[Discussion] New Daylight Savings Time Changes [Was: ECS- Eliminate excess Printers]

Carl Gehr Carl.Gehr at MCGCG.Com
Mon Jan 22 22:48:22 PST 2007


On Mon, 22 Jan 2007 22:17:01 -0800 (PST), David Azarewicz wrote:

>On Mon, 22 Jan 2007 21:02:31 -0500 (EST), Carl Gehr wrote:
>
>>On Mon, 22 Jan 2007 14:33:35 -0800 (PST), Jon Harrison wrote:
>>
>>>On Mon, 22 Jan 2007 14:42:27 -0500 (EST), Carl Gehr wrote:
>>>
>>>>
>>>>I believe the expanded SET TZ that you show is not correct.
>>>
>>>Carl:
>>>
>>>I agree with you, that is why I posted the comment.
>>>
>>>jon
>>
>>Sorry, I thought you had posted:
>>>SET TZ=PST8PDT,4,1,0,7200,10,-1,0,7200,3600
>>
>>I was reacting to the '...4,1,...' which is not correct.
>>It should be:         '...3,2,...'
>>
>>The rest was just background.
>
>
>The original issue was that anything other than the standard 
>TZ=PST8PDT (or whatever time zone you are in) breaks zip. It doesn't 
>really matter what is added on the end, correct or incorrect, it still 
>breaks zip (and probably other unix ports).
>
>I have always wondered why everyone is making such a fuss about the 
>system changing the time by itself.  I have always sync'd my system to 
>NIST and let the government tell me what time it is, including whether 
>it is daylight time or not.  It has worked for me for years and I don't ever 
>have to think about it.  Maybe in other countries it works differently, but 
>in the US it has always worked for me.
>
>David

And, WADR, did you think the whole Y2K effort was also a waste of time
and effort, because it could have been handled by a bunch of clerks and
operators at system consoles during the rollover?
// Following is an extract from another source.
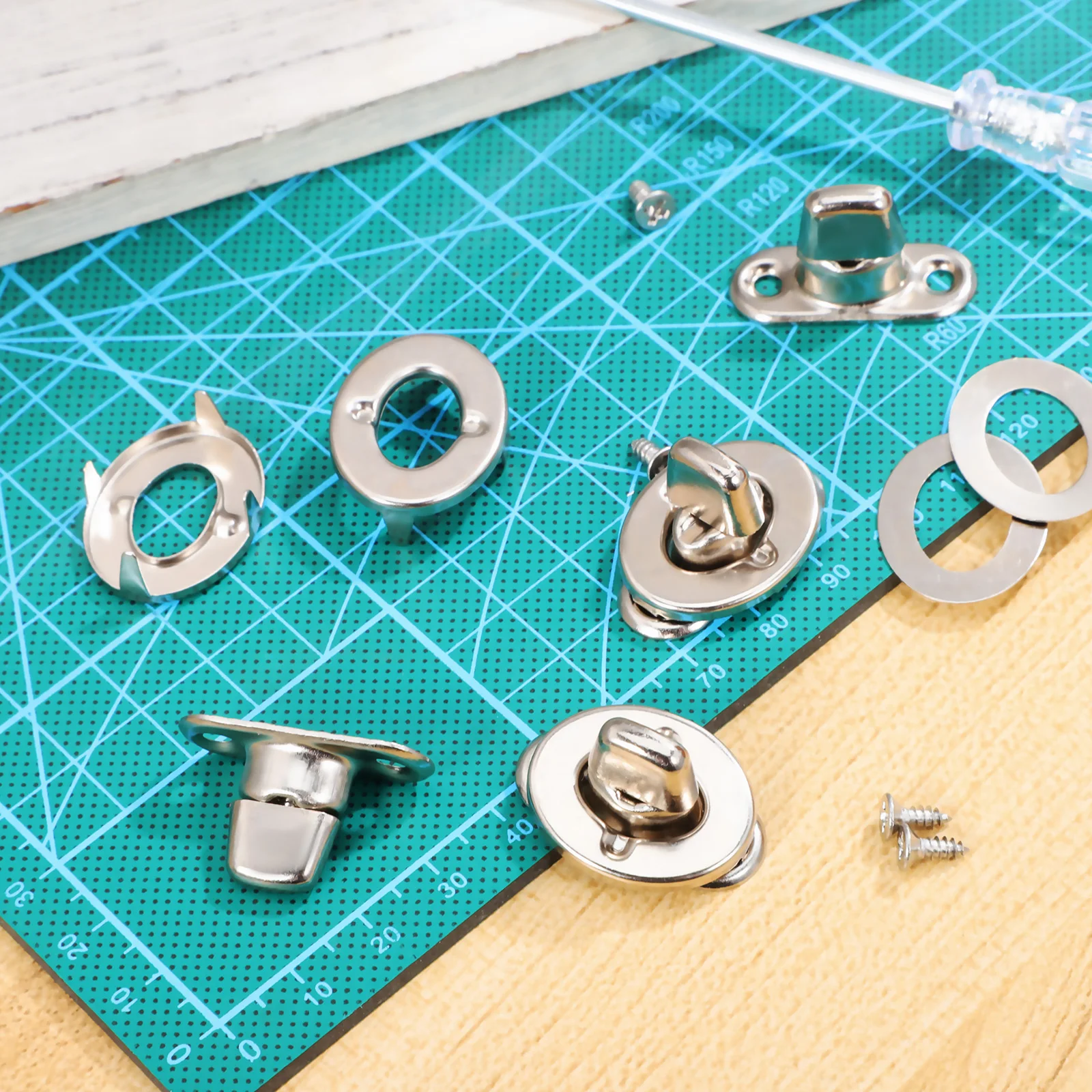 

20 Sets Fastener Turning Screw Latch Lock Metal Rv Skirting Fasteners Twisted for Metals Mounting Screws Fishing Boats Silver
I guess if you want to be sure that every system is manually attended
to at 2:00AM on the appropriate change over day, to and from DST, then
that's your right to do so.  I believe that most people would prefer
that systems work correctly without having to be manually tweaked
because the system had a logic problem [or bad specification, if you
prefer] and no one would take the time to fix it.

And, just for the record, it is possible that there are applications
[not system code or just changing the time by an hour at a particular
instant] that could have logic hard coded to the old rules for the DST
change.  If that application is calculating a time differential [for
whatever reason], it may get bad results.  Yes, it is somewhat of a
mini-Y2K all over again; very 'mini' but the exposure is there.

IBM has posted over 175 changes that it has had to make in its own
code.  I doubt that they would have spent that much time/money if it
were as simple as you claim.

But, your system; your choice.  Your right to do it how ever you want. 
Personally, I prefer a correct system; MY choice.